Dek, un joven y pequeño Yautja marginado por su clan guerrero, busca demostrar su valía como cazador para obtener la aprobación de su padre, Njohrr, y ascender socialmente. Con la ayuda de su hermano Kwei, Dek planea viajar al planeta Genna, conocido por su letalidad, donde cazará al Kalisk, un depredador supremo e inmortal. Tras un aterrizaje forzoso en Genna, donde la flora, la fauna y el entorno representan constantes amenazas mortales, Dek se alía con Thia, una sintética dañada de la Corporación Weyland-Yutani, para enfrentarse a su adversario mientras descubre que todo es mucho más que una simple “cacería”.

Ese planteamiento propone un giro notable: el protagonista ya no es un humano atrapado en la maquinaria de caza del alienígena, sino el propio cazador convertido en presa, o al menos en víctima de su propio sistema. Así, la película extiende el lore de la franquicia: el planeta Yautja Prime, la cultura del clan, el ritual de la caza, la marginación de un miembro que no cumple los estándares físicos. Esa ambición es loable y marca uno de los logros de la película: se agradece ver que se arriesga a mirar más allá de “humanos vs alienígena” y pretende hacer de la criatura una entidad con historia y conflicto interior.

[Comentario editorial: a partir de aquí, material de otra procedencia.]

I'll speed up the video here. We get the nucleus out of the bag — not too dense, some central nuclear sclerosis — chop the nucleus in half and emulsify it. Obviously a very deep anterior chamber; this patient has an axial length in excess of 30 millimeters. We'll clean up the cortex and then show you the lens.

El trabajo de Trachtenberg es competente en composición visual: la cinematografía de Jeff Cutter despliega un paisaje hostil que mezcla lo brutal y lo primitivo con lo tecnológico, confirmando que el diseño del depredador sigue siendo un símbolo potente. La banda sonora compuesta por Sarah Schachner y Benjamin Wallfisch potencia los climas con convicción, lo que ayuda a generar atmósfera. En este sentido, la película cumple con los elementos que los conocedores valoran: propuesta visual cuidada, dirección clara y el deseo de expandir el universo.

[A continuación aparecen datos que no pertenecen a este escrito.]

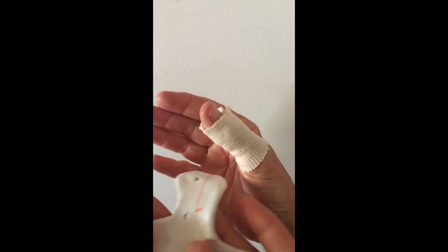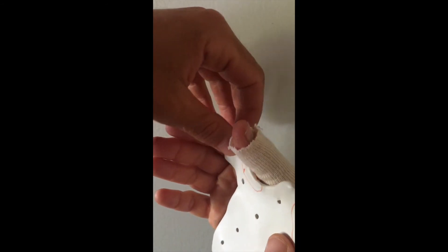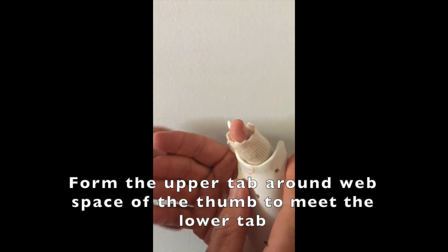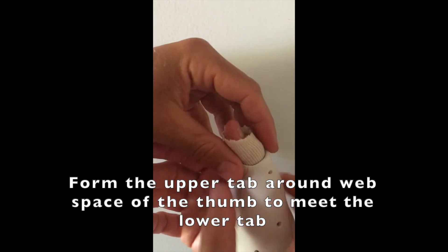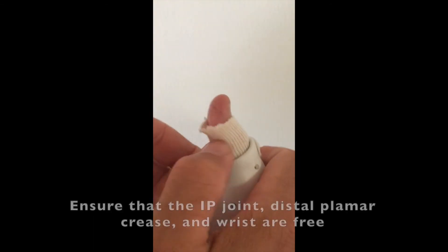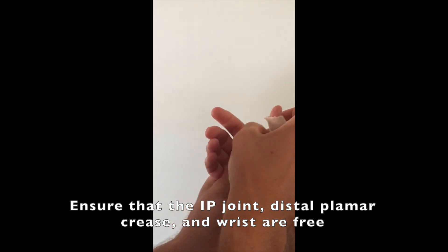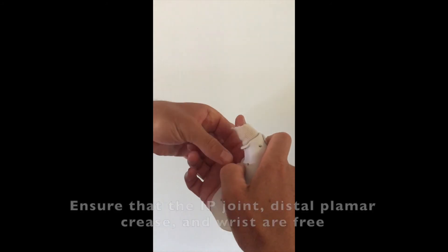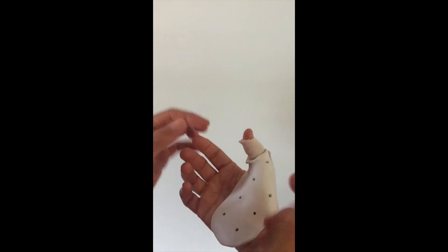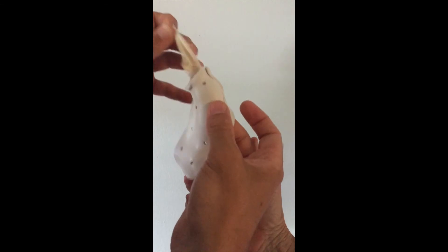Here we have the splint pattern. What we do is bring this tab on the inside of the web space like this, wrap it around, and it's going to attach right over here. Then take it all off together, being very gentle, taking it off at the same time — and it comes right out.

Pero no todo termina de funcionar. Y aquí entra el pero: esa ambición de expansión viene acompañada de compromisos que afectan el tono. El hecho de que la película busque abarcar un público más amplio —y obtener una calificación PG-13 en lugar de la habitual R para la franquicia— reduce la ferocidad que hizo icónico al depredador. La tensión se diluye en ciertos momentos, la imperfección de la presa humana —o mejor dicho, la omisión de humanos como tales— hace que la amenaza no tenga el mismo peso. Y el giro de centrarse en la “familia alternativa” del alienígena, el “aprendiz marginado que reivindica su lugar”, puede sentirse como un cambio radical de paradigma: validado como idea, pero cuestionable en ejecución para quienes esperan al cazador puro.

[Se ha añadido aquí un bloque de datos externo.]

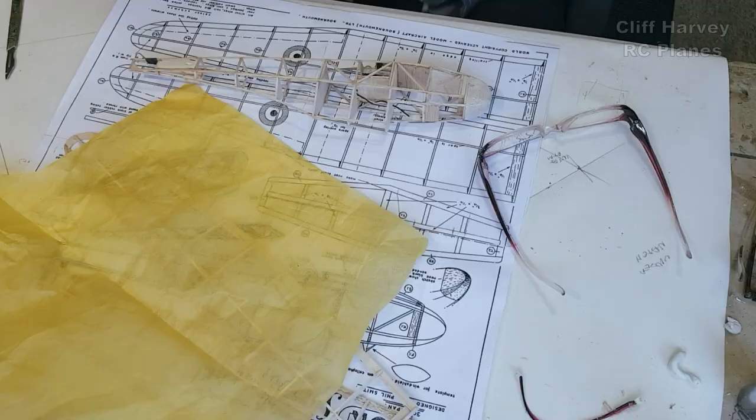This video is going to be the tissue covering. There are several ways, lots of ways actually, you can put on tissue covering. This is the way I shall be doing it today on this particular model. The scale colour scheme is silver with yellow bands, but I'm not going to do that. Changed my mind. I'm going to instead do it yellow with white tips and bits and bobs.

En definitiva, Depredador: Tierras Salvajes es una entrega que merece atención: ofrece un enfoque fresco dentro de la franquicia, una ambientación cuidada y un deseo de renovar una mitología algo fatigada. Los aspectos positivos —la historia expandida, el diseño del conflicto interno del Yautja, la calidad técnica— se complementan con una elección arriesgada: suavizar lo salvaje para hacerla accesible. Ese mismo rasgo es, al mismo tiempo, su oportunidad de mejora… porque al despojar al depredador de buena parte de su filo amenazante, la película entra en tensión con su propia historia original.

Para quienes valoramos el cine de ciencia ficción y acción con conocimiento de causa, el resultado es satisfactorio aunque imperfecto. Y para el público general puede funcionar como entretenimiento sólido, siempre que esté consciente de que no está viendo la versión más cruda del monstruo que marcó 1987.


Ficha técnica

  • Título original: Predator: Badlands (Hispanoamérica: Depredador: Tierras Salvajes)
  • Dirección: Dan Trachtenberg
  • Guion: Dan Trachtenberg y Patrick Aison
  • Reparto principal: Elle Fanning (Thia), Dimitrius Schuster-Koloamatangi (Dek)
  • Música: Sarah Schachner y Benjamin Wallfisch
  • Fotografía: Jeff Cutter
  • País: Estados Unidos
  • Duración: 107 minutos
  • Fecha de estreno: 7 de noviembre de 2025 (EE.UU.)